- Portrait
- Born: 19 July 1944 Oban
- Died: 30 May 1999 (aged 54) Glasgow
- Occupation: Political journalist

= Kenny Macintyre (political journalist) =

Scottish political journalist

Kenny Macintyre (19 July 1944 – 30 May 1999) was a Scottish political journalist. Born in Oban, he spent most of his life on Mull, and became a journalist in his 30s. He was known for his work ethic and sense of humour. He was Political and Industrial Correspondent for BBC Scotland for 10 years and was also a keen sportsman. He was a son of Angus Macintyre, a poet and bank manager. Before he entered journalism he was a bank clerk, and ran a gift shop and a building business. He was the father of Colin MacIntyre, the musician, and Kenny Macintyre who is also a BBC journalist.
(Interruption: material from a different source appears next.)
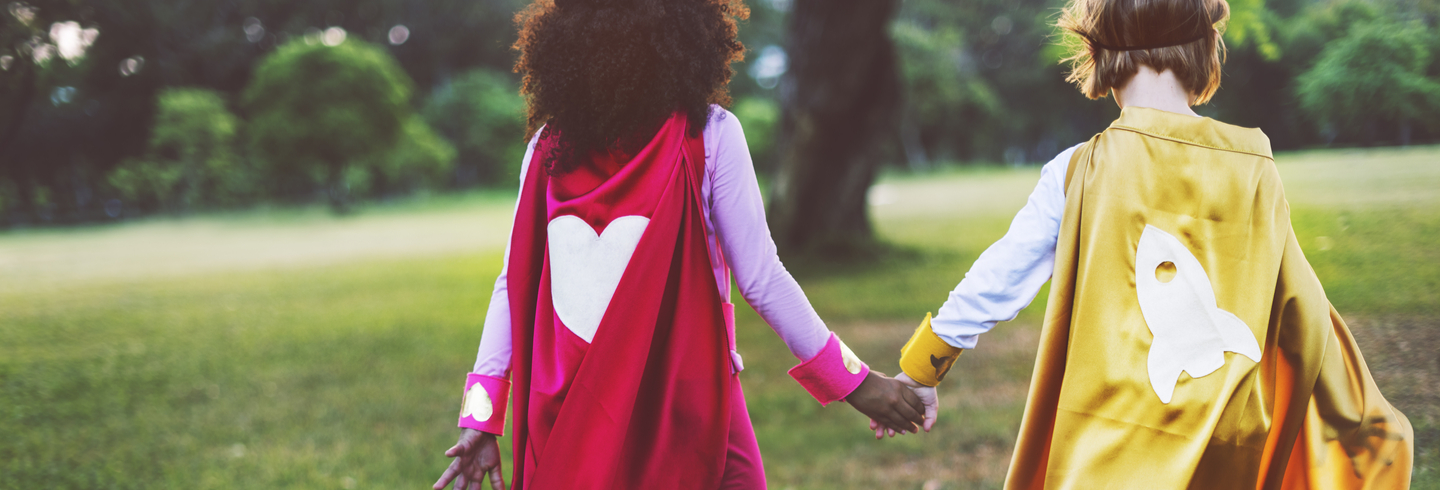 Two kids wearing super hero costumes holding hands in a field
During his career as a journalist, he charmed John Major into giving him an interview by telling him that if he refused, Chelsea F.C. would be defeated. He ambushed Margaret Thatcher by hiding in a hotel cupboard to get an interview with her. He refused an OBE. He died of a heart attack while jogging in Glasgow. Then-prime minister Tony Blair called him "an institution". He also received eulogies from Donald Dewar, Charles Kennedy, Gordon Brown, George Robertson, Alex Salmond, Michael Forsyth and Tam Dalyell. He was buried at Taynuilt with a mobile phone.